I have no idea how Winnebago is doing as a whole and I'm a little distanced from motorized sales in general, since I withdrew from the motorized market in 2000, other than one little Class B built on a Mercedes diesel chasis I'm dabbling with. In times past when gas prices rise, motorized feels the pain first and worst. Whether this holds true once again, is hard to say. RV mfgs. have a notorious habit of pipe stuffing at the end of the quarter and dealers are notoriously bad at having the wrong inventory both in quantity and type. For the most part they err to the overstock side of the equation. The auto industry's number are spurious and misleading. The RV industry is the auto industry on steroids in the case of data generation.

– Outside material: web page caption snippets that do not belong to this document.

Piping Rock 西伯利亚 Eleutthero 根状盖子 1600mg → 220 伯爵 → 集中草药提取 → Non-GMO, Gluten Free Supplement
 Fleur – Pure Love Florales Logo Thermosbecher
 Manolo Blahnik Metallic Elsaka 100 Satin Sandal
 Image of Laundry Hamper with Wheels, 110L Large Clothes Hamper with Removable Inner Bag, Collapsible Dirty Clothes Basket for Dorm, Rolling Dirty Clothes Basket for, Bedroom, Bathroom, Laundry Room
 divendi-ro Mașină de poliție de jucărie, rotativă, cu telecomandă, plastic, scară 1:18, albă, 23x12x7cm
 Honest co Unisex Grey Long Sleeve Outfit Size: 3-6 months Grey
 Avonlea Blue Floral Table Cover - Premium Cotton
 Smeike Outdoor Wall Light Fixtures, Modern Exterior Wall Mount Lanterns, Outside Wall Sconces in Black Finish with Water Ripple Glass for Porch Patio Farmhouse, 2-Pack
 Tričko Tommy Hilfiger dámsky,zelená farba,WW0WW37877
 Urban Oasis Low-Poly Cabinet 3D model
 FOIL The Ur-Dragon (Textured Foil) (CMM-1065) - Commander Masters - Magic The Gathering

Our business model is quite different from the traditional model. Being in a realtively isolated pocket of population, I recognized many moons ago that it might be a good thing if I were able to widen my net a little, so In 1997 I started my website. It took many years of fiddling and continuous work but it finally started paying off in 2001. Now fully 50% of my sales are out of my market. The most recent was a sale to a fellow in Yellowknife Northwest Territories, Canada. (Follow the road to the top right of Canada. When the road stops, you're there.) So how's my business? First quarter was profitable (only happens 1 out of 3 - past 32 years) and have a similar amount of sales booked into 2nd quarter already. Now realize if I had not drastically changed the size and make-up of our business in 2000, I might be in deep doo-doo by now. My overhead is extremely low and personally I've become very low maintenance. If and when the feed raises the rate (floor plans are generally tied to prime which is tied to the base 1% rate) many, many dealers will be in deep shit. Their models have no slack in them to handle the huge inventories they have gleefully built up. If that is compounded with a general slowing of sales, reducing their turn rate, then they die. You see in our industry their is a little thing called a "curtailment". That means after a unit has been in stock for 6 months, you must make a payment equal to 10% of the invoice, to your lender. On many plans the unit must be paid in full at one year. In our industry the true turn rate is normally about 2.5 per year. And any delaer that doesn't get caught with some aging inventory, even in boom times, must have the hand of God intervening. It can be a real cash flow nightmare. To worsen things further many delaers have gone into major debt building flashy new facilities supported only by extrapolating trends as far as the eye can see. Hmmmmm tech did that prior to 2001 didn't they?


In my opinion a lot of the RV industry over the last few years has been supported by home re-fis, even though for most the interest is deductible as a second residence. I believe the RV industry is about to leave it's golden years behind in spite of all of the Baby (ka)Boom hysterics. As it is, direct loan terms have become absurd. How does 4.35% fixed for 20 years on $100,000 sound? That's better than a mortgage on an asset that will depreciate faster than the principal is paid down. Some of the crap being foisted off on the public simply won't survive to the end of the payment book either. Most who finance direct are upside down from the get-go and by year 2 are deeply underwater.